# how long does it take you to complete a piece of work?



## skylight (Oct 2, 2019)

Hi everyone, I am doing a project for statistics class and I decided to incorporate my hobby of watercoloring into it! The idea is to see if there is a trend in how long you have been watercoloring and how long it takes for you to complete a piece of work.

(i hope the mods allow url's) here is the link: https://forms.gle/63cvEzY4f2jhdS1UA 

At the end you can see everyone else's responses as well. Thanks for participating.


----------



## Scott R Nelson (Jun 26, 2013)

I filled out the survey, but don't expect my answers to be of any value to you.
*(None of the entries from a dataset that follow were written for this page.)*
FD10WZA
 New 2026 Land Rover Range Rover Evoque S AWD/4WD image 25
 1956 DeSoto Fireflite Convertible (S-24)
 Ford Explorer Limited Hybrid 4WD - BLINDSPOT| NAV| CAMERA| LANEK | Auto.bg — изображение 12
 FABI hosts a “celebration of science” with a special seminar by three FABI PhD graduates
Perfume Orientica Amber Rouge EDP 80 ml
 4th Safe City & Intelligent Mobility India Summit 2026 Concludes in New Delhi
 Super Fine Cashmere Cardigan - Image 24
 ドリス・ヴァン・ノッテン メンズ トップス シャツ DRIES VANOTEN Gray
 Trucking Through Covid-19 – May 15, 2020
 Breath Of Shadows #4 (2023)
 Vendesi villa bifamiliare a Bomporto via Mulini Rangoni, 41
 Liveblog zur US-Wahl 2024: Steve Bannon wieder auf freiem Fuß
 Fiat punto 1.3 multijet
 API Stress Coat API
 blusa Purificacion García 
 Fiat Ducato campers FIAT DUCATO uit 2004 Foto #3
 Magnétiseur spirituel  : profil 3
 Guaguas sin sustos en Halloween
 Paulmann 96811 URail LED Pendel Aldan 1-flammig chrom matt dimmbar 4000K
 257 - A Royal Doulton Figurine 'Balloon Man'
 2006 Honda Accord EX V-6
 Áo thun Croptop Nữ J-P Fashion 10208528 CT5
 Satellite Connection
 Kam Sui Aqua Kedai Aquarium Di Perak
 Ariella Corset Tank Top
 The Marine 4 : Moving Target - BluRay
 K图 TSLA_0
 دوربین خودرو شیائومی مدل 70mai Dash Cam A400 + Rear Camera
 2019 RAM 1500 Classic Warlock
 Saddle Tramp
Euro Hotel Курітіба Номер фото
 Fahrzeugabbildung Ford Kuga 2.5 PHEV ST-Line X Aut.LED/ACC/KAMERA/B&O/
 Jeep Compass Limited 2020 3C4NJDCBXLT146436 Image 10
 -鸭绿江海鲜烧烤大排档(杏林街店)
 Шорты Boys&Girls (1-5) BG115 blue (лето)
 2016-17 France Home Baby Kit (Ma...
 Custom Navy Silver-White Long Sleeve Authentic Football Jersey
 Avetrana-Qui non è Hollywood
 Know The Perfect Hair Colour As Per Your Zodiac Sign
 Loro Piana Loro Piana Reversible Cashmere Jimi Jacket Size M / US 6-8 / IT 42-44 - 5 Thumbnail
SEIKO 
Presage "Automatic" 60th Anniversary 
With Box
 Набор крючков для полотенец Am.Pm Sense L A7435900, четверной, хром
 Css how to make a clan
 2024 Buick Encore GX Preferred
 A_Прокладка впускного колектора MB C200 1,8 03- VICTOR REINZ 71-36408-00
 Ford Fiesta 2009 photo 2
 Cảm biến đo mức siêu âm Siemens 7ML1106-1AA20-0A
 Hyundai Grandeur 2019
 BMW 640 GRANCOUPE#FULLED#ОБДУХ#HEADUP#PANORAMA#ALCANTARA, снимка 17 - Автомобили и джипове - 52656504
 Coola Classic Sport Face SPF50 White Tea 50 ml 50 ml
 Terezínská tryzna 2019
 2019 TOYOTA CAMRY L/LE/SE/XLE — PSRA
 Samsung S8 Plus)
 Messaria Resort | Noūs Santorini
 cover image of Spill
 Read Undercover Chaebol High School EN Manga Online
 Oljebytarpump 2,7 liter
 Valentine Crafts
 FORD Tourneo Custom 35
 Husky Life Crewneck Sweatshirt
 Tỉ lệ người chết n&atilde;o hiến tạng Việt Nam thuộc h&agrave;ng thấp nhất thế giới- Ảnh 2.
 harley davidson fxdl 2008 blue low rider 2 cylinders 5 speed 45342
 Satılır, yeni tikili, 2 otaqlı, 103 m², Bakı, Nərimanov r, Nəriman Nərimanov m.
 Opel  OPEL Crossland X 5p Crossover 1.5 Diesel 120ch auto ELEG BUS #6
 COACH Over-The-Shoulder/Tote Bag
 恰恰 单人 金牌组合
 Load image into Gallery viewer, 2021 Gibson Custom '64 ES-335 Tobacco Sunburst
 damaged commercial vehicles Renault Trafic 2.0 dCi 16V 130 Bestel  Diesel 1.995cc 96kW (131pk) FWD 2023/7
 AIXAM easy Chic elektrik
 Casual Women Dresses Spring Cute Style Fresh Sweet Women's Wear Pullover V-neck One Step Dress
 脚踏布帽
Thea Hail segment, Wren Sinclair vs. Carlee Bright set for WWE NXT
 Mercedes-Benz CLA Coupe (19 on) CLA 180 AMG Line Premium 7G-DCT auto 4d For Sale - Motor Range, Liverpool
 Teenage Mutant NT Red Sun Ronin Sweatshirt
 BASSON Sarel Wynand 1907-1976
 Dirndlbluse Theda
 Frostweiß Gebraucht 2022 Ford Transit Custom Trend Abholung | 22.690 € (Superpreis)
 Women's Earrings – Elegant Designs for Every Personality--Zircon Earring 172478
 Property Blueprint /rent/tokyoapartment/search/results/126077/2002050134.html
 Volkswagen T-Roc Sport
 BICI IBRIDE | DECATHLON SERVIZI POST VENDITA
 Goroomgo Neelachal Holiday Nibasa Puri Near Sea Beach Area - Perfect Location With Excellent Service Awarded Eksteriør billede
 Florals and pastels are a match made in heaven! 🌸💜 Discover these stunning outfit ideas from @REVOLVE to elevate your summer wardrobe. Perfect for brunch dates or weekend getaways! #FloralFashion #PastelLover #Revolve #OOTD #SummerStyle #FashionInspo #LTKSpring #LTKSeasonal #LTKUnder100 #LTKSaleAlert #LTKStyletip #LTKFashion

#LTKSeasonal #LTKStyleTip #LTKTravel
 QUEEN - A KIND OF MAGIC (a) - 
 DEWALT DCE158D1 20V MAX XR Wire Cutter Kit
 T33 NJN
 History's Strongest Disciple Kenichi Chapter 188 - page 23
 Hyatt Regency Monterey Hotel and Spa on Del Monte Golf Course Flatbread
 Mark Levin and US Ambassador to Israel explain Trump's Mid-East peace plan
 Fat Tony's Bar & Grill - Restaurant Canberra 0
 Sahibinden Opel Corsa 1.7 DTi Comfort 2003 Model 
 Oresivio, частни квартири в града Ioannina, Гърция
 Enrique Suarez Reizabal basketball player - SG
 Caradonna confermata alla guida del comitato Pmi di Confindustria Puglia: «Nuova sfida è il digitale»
The fastest I've done a painting was four days working on it a few hours a day. But some have been in progress for years, waiting for me to get back to them. Sometimes life gets in the way of painting.


----------



## Kuverte (Jul 15, 2019)

That is not good question, as it depends on your skills, size of work, mood, motif... Usually it takes me about four or five hours. 
-------------------------------------------------------------------------------------------------------------------------
A day without a scrapbooking is a lost day. - Author Vabilo za krst


----------



## sidestory (Feb 4, 2020)

A 9x12 piece of Watercolor painting can take me a whole day. Given that I'm not doing any other thing that day.


----------